Skip to content

[Rule] FEEDBACK VERTEX SET to MinimumCodeGenerationUnlimitedRegisters #908

@isPANN

Description

@isPANN

Source: FEEDBACK VERTEX SET (FeedbackVertexSet)
Target: CODE GENERATION WITH UNLIMITED REGISTERS (MinimumCodeGenerationUnlimitedRegisters)

Motivation: The previous body was only a placeholder.

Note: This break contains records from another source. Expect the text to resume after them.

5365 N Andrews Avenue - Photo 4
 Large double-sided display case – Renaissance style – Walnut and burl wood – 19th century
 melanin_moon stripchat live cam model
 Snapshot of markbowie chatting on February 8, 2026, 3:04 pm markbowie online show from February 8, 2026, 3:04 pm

This issue gives the actual chain gadget behind the Aho-Johnson-Ullman reduction.

Reference: A. V. Aho, R. Sethi, "How Hard Is Compiler Code Generation?" (1977), summarizing the Aho-Johnson-Ullman construction for code generation with common subexpressions and its unlimited-register variant.

Target Machine Model

Use the standard two-address unlimited-register model:

  • leaves are values already stored in named registers

  • every internal node is a binary operation

  • if internal node u has left child a and right child b, then one instruction

    r <- r op s

    computes u, where r currently holds the value of a and s currently holds the value of b

  • the left operand register is overwritten

  • copy instructions

    r' <- r

    are allowed and cost one instruction

Because registers are unlimited, the only optimization issue is how many copy instructions are needed.

Reduction Algorithm

Input:

  • a directed graph G = (V, E)
  • an integer k

Assume
V = {x_1, ..., x_n}.

For each vertex x in V, let its outgoing edges be ordered arbitrarily as
(x, y_1), ..., (x, y_d),
where d = outdeg(x).

Construct a DAG D = (N, A) with left/right arc partition (L, R) as follows.

Leaves

For each source vertex x in V, create one leaf
x^0
whose value is initially stored in a distinct register
R_x.

Internal chain nodes

For each source vertex x with outgoing neighbors y_1, ..., y_d, create internal nodes
x^1, x^2, ..., x^d.

For each i = 1..d, add:

  • left arc (x^i, x^(i-1)) to L
  • right arc (x^i, y_i^0) to R

So each x^i has exactly two outgoing arcs.

Roots

For each vertex x with outdeg(x) > 0, the root corresponding to x is x^d.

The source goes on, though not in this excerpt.